Priya Bapat as Prajakta Lele
Timepass 2 starts a few years from then, and a lot has happened in the meanwhile. Dagadu’s sister (Aarti Wagdabalkar) gets married to a liar who leaves her and she returns home. Prajakta’s brother has a love marriage and is dead to their father. Older Dagadu (Priyadarshan Jadhav) fulfills his ambition of becoming someone big in the community – rich, powerful and charitable. On the inaugural day of his ambulance service, Dagadu’s three best friends remind him of Prajakta over a drinking session. They push him to find her now that he is no longer that urchin. The rest of the movie follows Dagadu finding an older Prajakta (Priya Bapat) and Mr Lele, what happened in their lives, and making attempts to convince Mr Lele that he is the right person for his daughter’s hand.

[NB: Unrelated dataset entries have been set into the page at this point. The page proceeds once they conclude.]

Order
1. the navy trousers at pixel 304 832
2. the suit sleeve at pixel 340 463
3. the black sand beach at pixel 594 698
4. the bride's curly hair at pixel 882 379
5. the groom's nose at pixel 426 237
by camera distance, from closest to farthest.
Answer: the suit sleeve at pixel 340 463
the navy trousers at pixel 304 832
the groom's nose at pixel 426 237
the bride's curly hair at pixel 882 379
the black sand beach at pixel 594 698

While the film is an overall boy-boy film, there are a few named women characters in it. Among the women, T2 focuses only on Prajakta and once in a while on Dagadu’s sister Manda. While Manda mostly exists as a guiding voice, the story scratches just a little beyond the surface of Prajakta’s life.
Prajakta’s introduction is a dreamy song in which she plays with all the kids in a coastal village and floats all by her lonesome in a basket boat. After that, we learn that she is visiting her father who lives in the village – being his usual classist and racist self towards the migrants working there. He is happy that Prajakta is pursuing musical theatre and loathes Bollywood just like him.

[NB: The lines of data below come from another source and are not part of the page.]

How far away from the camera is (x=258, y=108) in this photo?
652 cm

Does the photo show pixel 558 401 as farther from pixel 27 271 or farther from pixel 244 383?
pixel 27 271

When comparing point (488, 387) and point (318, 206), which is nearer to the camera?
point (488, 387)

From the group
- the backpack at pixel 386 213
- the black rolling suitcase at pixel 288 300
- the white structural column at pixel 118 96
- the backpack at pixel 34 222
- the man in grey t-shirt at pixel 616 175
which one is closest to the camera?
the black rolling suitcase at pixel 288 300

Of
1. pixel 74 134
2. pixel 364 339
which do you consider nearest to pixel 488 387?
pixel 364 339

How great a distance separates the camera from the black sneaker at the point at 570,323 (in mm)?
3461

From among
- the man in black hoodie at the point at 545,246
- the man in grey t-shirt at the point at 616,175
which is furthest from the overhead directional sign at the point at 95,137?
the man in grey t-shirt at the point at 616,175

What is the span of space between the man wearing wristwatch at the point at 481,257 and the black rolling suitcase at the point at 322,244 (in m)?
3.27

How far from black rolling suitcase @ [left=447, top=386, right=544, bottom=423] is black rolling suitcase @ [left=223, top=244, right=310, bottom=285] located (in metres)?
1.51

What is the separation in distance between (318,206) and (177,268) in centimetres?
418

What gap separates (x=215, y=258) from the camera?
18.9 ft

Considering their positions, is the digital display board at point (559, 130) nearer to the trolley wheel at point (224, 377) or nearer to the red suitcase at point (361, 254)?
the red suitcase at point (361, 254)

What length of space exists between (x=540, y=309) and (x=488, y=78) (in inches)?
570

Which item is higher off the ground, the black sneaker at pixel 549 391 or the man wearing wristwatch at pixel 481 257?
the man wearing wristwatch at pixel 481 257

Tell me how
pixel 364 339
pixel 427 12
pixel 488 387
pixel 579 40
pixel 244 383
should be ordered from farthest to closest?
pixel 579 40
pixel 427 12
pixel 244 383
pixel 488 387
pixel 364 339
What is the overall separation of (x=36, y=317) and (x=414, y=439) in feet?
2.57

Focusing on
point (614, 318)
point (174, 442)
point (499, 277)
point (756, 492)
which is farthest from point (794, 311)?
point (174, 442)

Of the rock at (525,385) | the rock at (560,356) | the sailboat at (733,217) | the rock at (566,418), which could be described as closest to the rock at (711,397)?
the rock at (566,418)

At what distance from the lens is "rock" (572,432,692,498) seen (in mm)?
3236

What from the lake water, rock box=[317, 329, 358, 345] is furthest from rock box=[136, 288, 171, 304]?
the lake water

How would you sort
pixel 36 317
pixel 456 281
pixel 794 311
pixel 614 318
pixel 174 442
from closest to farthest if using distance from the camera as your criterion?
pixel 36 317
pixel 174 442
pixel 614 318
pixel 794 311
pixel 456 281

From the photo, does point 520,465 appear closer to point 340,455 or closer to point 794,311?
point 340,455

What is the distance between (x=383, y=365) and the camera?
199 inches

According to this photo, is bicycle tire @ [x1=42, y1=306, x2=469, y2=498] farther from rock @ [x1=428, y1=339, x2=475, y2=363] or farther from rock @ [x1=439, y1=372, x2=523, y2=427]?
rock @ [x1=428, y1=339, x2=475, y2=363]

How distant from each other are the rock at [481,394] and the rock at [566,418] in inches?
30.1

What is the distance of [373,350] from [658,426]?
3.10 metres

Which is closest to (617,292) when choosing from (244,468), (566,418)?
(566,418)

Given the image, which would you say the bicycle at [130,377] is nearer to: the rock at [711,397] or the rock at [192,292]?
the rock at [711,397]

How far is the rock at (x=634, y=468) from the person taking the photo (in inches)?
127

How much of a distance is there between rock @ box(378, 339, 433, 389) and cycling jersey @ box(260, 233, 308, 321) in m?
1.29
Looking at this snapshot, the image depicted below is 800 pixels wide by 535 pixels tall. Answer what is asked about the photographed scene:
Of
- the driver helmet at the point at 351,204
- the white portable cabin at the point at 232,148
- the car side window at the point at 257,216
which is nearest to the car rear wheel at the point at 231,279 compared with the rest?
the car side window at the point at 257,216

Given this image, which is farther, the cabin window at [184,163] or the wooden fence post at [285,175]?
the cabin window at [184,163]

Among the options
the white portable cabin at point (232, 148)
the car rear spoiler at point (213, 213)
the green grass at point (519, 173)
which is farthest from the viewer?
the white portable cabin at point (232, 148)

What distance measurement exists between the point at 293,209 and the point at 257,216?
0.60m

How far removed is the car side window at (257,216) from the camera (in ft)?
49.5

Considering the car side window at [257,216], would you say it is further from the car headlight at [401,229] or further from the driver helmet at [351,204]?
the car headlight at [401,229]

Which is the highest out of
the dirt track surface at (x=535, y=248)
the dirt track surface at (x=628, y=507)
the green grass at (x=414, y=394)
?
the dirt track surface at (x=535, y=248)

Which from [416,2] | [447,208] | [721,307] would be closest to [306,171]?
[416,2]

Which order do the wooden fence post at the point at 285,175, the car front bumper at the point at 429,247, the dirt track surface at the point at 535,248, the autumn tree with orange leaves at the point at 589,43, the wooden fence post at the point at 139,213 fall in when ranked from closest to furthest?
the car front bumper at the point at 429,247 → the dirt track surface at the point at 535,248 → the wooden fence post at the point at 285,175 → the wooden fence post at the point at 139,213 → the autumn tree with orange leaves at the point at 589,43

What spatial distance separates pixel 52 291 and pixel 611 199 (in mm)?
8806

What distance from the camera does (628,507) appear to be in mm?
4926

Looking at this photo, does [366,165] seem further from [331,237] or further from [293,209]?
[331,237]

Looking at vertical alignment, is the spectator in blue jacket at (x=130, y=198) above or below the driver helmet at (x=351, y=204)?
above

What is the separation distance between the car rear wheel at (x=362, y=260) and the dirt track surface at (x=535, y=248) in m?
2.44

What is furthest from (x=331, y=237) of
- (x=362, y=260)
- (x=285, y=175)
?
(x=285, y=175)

Turns out Prajakta returned to Bombay to find Dagadu and have her own life a few years ago. She’s worked in all kinds of jobs (we are never told what they are) and off late, has been working as a backup dancer in Bollywood songs.
When Dagadu and her father find out what she does (in a shocker as they enter a set to see her at the shoot of an item number), initially both of them don’t like it. The father drags her off the set and insults her. What happens next is what you don’t expect. While still crying, she argues with him about how he never understood what she wanted and was living inside his own ego. Later, Dagadu very awkwardly tries to bring up the conversation, but the awkwardness ends with him saying he has no problem with her doing whatever she wants to pursue as a career.

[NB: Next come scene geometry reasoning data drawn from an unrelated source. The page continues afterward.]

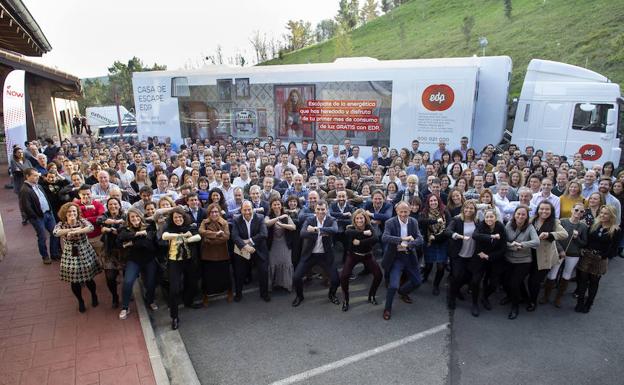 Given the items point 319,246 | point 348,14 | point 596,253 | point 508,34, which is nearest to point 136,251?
point 319,246

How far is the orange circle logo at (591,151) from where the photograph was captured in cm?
1016

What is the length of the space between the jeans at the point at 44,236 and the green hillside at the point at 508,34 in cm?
2509

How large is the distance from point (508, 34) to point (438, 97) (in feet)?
92.0

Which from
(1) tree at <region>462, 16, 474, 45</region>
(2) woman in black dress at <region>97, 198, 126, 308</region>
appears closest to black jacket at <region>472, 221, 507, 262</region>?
(2) woman in black dress at <region>97, 198, 126, 308</region>

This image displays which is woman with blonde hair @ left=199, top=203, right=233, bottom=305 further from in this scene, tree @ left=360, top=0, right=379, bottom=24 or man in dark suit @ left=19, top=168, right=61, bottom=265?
tree @ left=360, top=0, right=379, bottom=24

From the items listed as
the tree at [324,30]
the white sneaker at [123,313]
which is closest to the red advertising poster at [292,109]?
the white sneaker at [123,313]

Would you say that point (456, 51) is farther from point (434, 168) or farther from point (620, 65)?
point (434, 168)

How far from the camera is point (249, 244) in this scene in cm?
556

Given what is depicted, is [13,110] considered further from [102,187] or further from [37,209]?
[102,187]

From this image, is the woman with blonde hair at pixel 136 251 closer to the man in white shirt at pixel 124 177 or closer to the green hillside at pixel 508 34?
the man in white shirt at pixel 124 177

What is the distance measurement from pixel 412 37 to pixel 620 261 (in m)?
40.2

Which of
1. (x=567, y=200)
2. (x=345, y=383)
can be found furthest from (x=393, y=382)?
(x=567, y=200)

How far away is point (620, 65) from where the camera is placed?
826 inches

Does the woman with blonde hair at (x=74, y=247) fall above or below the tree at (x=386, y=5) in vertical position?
below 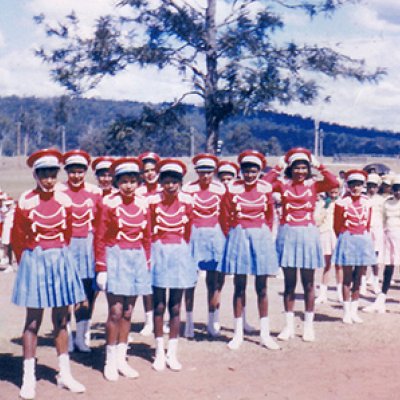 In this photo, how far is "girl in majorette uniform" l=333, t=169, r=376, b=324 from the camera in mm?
8945

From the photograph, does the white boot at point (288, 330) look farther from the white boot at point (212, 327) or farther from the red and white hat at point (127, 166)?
the red and white hat at point (127, 166)

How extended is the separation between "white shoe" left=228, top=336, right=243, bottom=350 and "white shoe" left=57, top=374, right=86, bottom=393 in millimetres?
2121

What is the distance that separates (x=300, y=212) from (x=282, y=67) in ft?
36.0

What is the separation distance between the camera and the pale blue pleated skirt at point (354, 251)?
29.3ft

But later, to console her father, she promises him that she will quit it all. The story quickly moves to the separation of the two lovers once again because Dagadu doesn’t want to disrespect her dad by eloping with her. The two of them move on and decide to get arranged-married to people their families approve of, which is followed by the best twist – one that made me cheer for Prajakta. She drugs and kidnaps Dagadu right before their respective weddings, dumps him in a trunk and drives him all the way out of town. She then stops mid-way, opens the trunk of the car and scolds a tied and gagged Dagadu.
All the scenes featuring the men don’t have the characters even once talking about what Prajakta might want for herself. In bits and pieces, we are shown Prajakta finding her own way, and shown how she has agency over her body and life. But the film completely and utterly fails to show any other women doing anything at all. That makes this movie fail the Bechdel Test.